Commentary

CCPA Out Of The Gate: The Suit Against Salesforce And Hanna Andersson

It didn’t take long for lawyers to use CCPA as a cudgel against companies, sort of.

A class-action suit was filed last week against Salesforce and its client, children’s apparel seller Hanna Andersson, alleging a data breach. It cites CCPA but does not invoke it as law.  

That’s appropriate because the breach took place last year, before CCPA was implemented. And there may be issues pertaining to class standing and other legal intricacies.  

Still, this is a harbinger of what brands can expect in the days to come.

The complaint, filed with the U.S. District Court for the Northern District of California,, San Francisco division, charges that personally identifiable information (PII) on Hanna Andersson customers was found on the dark web.

It adds that “that Hanna Andersson’s third-party ecommerce platform, Salesforce Commerce Cloud, was infected with malware that may have scraped information entered by customers.”

The incident has affected around 10,000 California residents, and for the purposes of this suit, such a resident claims to have been victimized: Bernadette Barnes of Sacramento.

On Oct. 14, 2019, Barnes purchased five items online for a total cost of $119.59, the complaint states. To complete the action, Barnes entered “her PII: name, billing and shipping addresses, payment card type and full number, CVV code, credit card expiration date, and email address,” it adds.

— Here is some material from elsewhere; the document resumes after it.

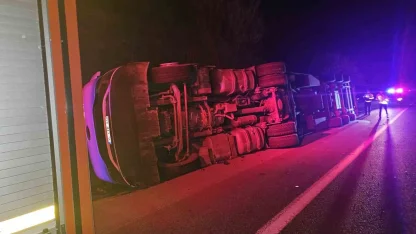 Kontrolden çıkan tır devrildi, şans eseri yaralanan olmadı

That same day, Barnes received an email confirmation of the transaction. On Jan. 15, like other customers, Barnes got a notice from Hanna CEO Mike Edwards about the breach that occurred between September 2016 and Nov. 11, 2019.

“We have taken steps to re-secure the online purchasing platform on our website and to further harden it against compromise,” Edwards writes. “In addition, we have retained forensic experts to investigate the incident and are cooperating with law enforcement and the payment card brands.”

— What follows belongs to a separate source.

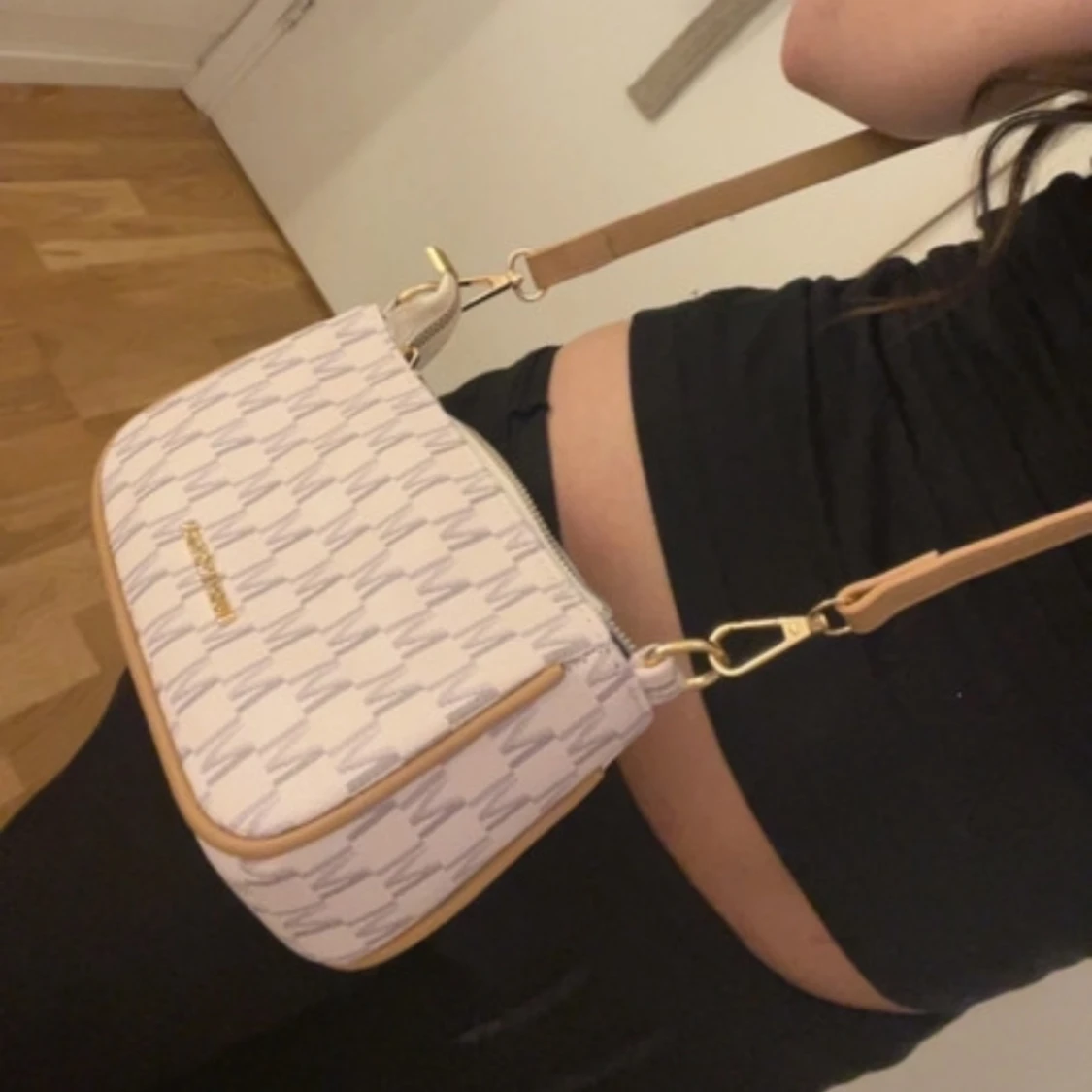 Beige axelväska från JUCWENCMILAN - 1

In addition, the firm is offering MyIDCare identity theft protection services through ID Experts, including 12 months of credit and CyberScan monitoring and a $1,000,000 insurance reimbursement policy, Edwards continues.

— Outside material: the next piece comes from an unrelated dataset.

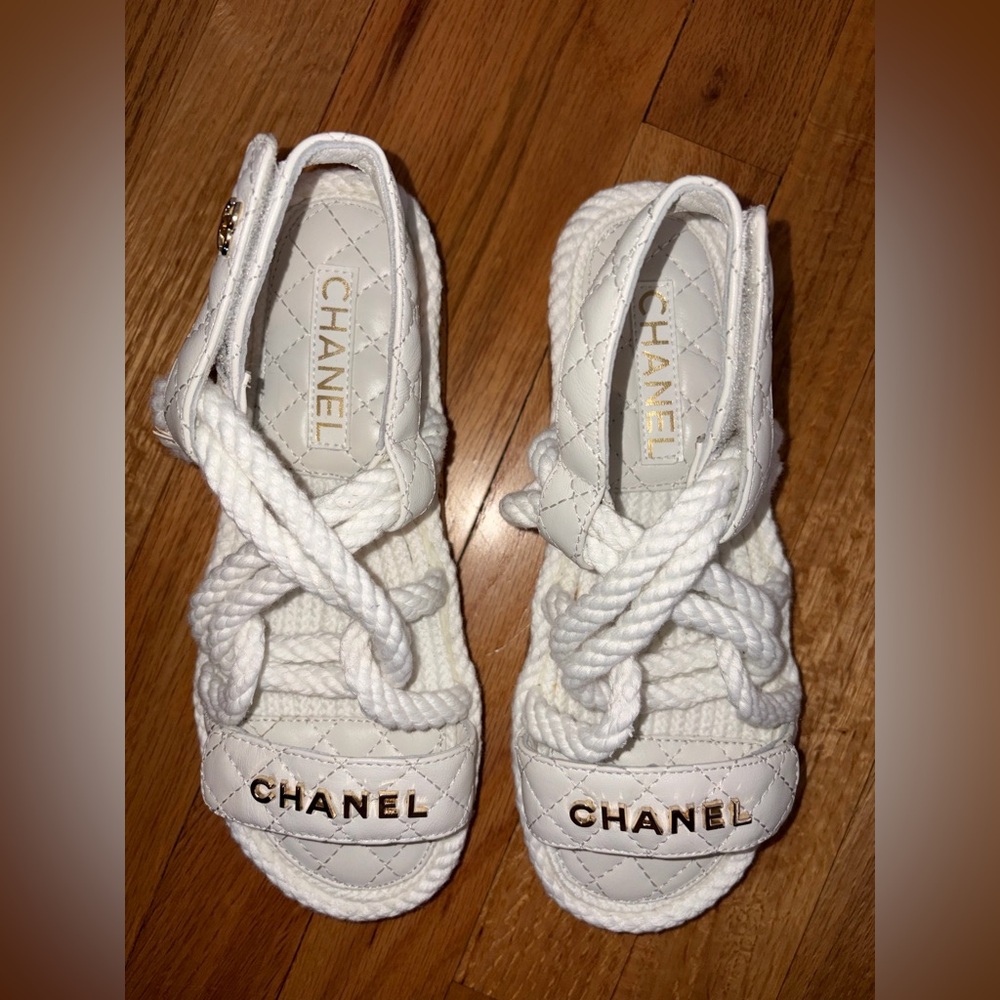 CHANEL White Rope Quilted Sandals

Despite those benefits, Barnes is coping with anxiety and “time spent reviewing the account compromised by the breach, contacting her credit card company, exploring credit monitoring options, and self-monitoring her accounts,” her complaint states.

Data breaches have resulted in some hefty settlements, and are much in the news. For example, the story broke on Monday that Equifax, which suffered a massive breach, was the victim of Chinese military hackers.

Bloomberg Law writes that if the Barnes suit were amended to assert a cause of action under CCPA, “the defendants would face a minimum of $1,000,000 in CCPA statutory damages.”

But it may not come to that.The CCPA requires “a 30-day notice and an opportunity to cure before a CCPA class action may be filed and prohibits the lawsuit if the company successfully and promptly cures the breach,” Bloomberg Law continues.

Salesforce has not responded to a request for comment at deadline.